Dorothy Napangardi, an Australian indigenous artist, was a prolific painter whose style of intricate network of lines and patterns formed by hundreds of dots and mostly seen from an aerial perspective, suggests the vast expanse of her country and her knowledge of its traditional stories and cultural lore. She elaborates on traditional designs and evokes a sense of movement in her canvases when she paints the origins and journeys of her people’s ancestral beings. Their movement can be seen in her ‘Dreaming’ paintings, which identify the sacred places where these ancestral spirits reside.

A member of the Warlpiri people, she was born in Mina Mina in the salt lake crystalline of the Tanami Desert region of the Northern Territory.  Mina Mina played an important role in her life and was the subject matter for her painting.  She had unconditional happiness and freedom when she walked hundreds of miles across her homeland and slept besides her family outdoors.

In 1987, Napangardi painted a bush banana, which winds around shrubs or small trees like a vine. The first flower of the bush banana vine is known as Big Sister, while the second flower is Little Sister or the Follower. Her 1993 “Yuparii (Bush Banana)” shows this in a variety of softened colors, shaped by hundreds of dots.

In 1997, Napangardi began painting understated, ethereal canvases, evoking memories of her early life at Mina Mina prior to her contact with white colonizers. Her narrative-based paintings contradict the modernist technique of the grid, revealing cultural differences between native Australian art and western art. She switched from the bright colors and naturalistic designs to a more restrained, subdued palette with interlocking patterns.

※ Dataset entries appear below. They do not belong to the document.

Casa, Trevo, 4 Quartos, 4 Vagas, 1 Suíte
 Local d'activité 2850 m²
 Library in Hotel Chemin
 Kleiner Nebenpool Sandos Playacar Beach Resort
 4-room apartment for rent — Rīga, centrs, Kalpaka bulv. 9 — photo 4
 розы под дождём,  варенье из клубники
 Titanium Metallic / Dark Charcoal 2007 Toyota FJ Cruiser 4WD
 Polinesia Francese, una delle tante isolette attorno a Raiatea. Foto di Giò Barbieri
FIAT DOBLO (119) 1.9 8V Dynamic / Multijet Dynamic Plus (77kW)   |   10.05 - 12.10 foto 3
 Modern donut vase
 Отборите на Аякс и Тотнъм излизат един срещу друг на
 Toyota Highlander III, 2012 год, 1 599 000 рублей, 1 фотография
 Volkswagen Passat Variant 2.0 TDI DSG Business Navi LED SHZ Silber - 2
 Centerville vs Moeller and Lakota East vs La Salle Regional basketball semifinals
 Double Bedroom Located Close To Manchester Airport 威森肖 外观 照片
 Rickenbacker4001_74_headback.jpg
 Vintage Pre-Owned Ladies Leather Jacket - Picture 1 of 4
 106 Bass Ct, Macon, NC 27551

It was her 1998 “Women’s Dreaming” painting which gave her recognition nationally and internationally. Her 2000 “Karntakuringu Jukurrpa (Women’s Dreaming)” continued the motif of the long journeys taken by her Women Ancestors from Mina Mina as they walked and carried their digging sticks. The Dreaming paintings evoked this narrative with the dance and movement of the ancestors as they traveled across the land.

Several of her paintings, done between 2006 and 2008, are entitled “Sandhills.” There is rarely a single focus in these works. A path leads directly back to her early days at Mina Mina where the viewer walks through the vast expanse in a spatial aesthetic similar to Op art. These works are narratives, tracing the movements of the Women Ancestors as they dance their way through native grasses and over sandhills.

Napangardi died tragically in a car accident while visiting her country in 2013. Her work is found in the collections of the Museum of Contemporary Art, Sydney; National Gallery of Australia in Canberra; Art Gallery of South Australia in Adelaide,and the Linden Museum Stuttgart in Germany. Recently her work was exhibited at the Seattle Art Museum.